While it’s great that New York Knicks star forward Carmelo Anthony has accentuated his great season with his first scoring title, that award is just a precursor to another trophy that could be headed Anthony’s way: the 2013 MVP Award.
In his first full season playing under head coach Mike Woodson, Anthony averaged 28.7 points and shot 45 percent from the field, plus 38 percent from long range, all over the course of just 67 games. In the games that he missed with injury (not counting the recent ones due to rest for the playoffs), the Knicks went 6-6.
But here’s the best part: in the month of April alone, Anthony averaged 36.9 points and 9.9 rebounds per game while shooting 54 percent from the field and 47 percent from long range. If those numbers aren’t MVP-like, then I clearly have no clue as to what the proper criteria are.
Now let’s take a look at Anthony’s biggest competition, reigning MVP and Miami Heat star LeBron James.

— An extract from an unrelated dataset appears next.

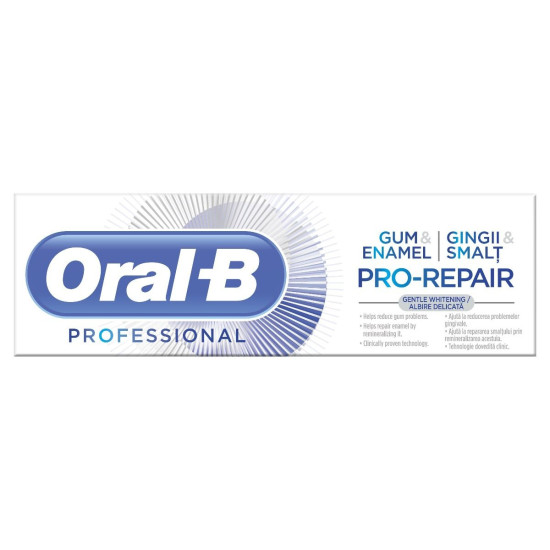 ОРАЛ B PROFESIONAL PRO-REPAIR GENTLE WHITENING избелваща паста за зъби и венци 75 мл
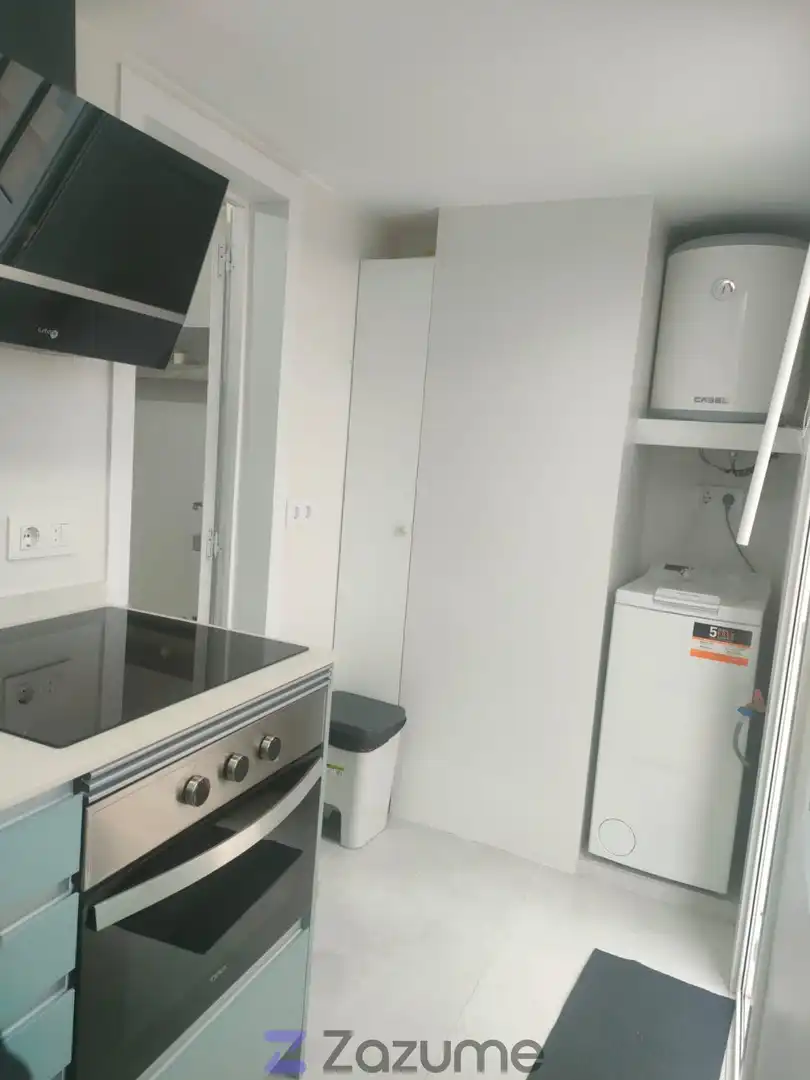 Kitchen of Attic for rent in Sant Boi de Llobregat  with Air Conditioner, Heating and Parquet flooring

James finished fourth in the league with 26.8 points per game, but also proved to be a better all-around player compared to Anthony, a pure scorer. On top of his scoring output, James also averaged eight rebounds, 7.3 assists and 1.7 steals while shooting an eye-popping 56.5 percent from the field and 41 percent from long range in 76 games. In games he missed, be it for injury or rest, the Heat went 5-1.
An even better snapshot is to look at James’ performance in April, Anthony’s lights-out month. He shot an incredible 69 percent from the field, and posted 24.8 points to go with six rebounds and 6.8 assists per game. While not at all bad, they’re nowhere near on the same level as Anthony’s production in the same month.

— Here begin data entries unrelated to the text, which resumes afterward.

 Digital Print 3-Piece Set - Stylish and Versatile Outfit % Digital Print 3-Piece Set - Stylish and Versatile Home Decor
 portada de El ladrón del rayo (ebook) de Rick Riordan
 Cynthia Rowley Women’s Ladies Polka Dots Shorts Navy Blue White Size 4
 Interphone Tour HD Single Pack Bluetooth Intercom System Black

More importantly, consider that James has two excellent teammates in Chris Bosh and Dwyane Wade. If he needs to miss a game for any reason, those two can pick up the slack instantly, as Bosh did for a short period of time this year.
The Knicks do not have the same type of luxury. If Anthony goes down, they have to rely on the streaky (and probably Sixth Man of the Year) J.R. Smith, offensively-limited Tyson Chandler, and a variety of role players, especially if Amar’e Stoudemire is injured. The fact that they have locked up the No. 2 seed in the Eastern Conference despite Anthony’s various injuries this season is not only borderline miraculous, but a testament to how good that ragtag (for lack of better word) squad is despite not looking great on paper.
That all being said, though his game is nowhere near as versatile as some other players’, one thing is certain. Anthony is the scoring champion, and his importance in that department is enough to give him the MVP trophy in 2013. Otherwise, fans could finally have proof that the NBA favors the more dynamic star in James, and that’s just plain unfair.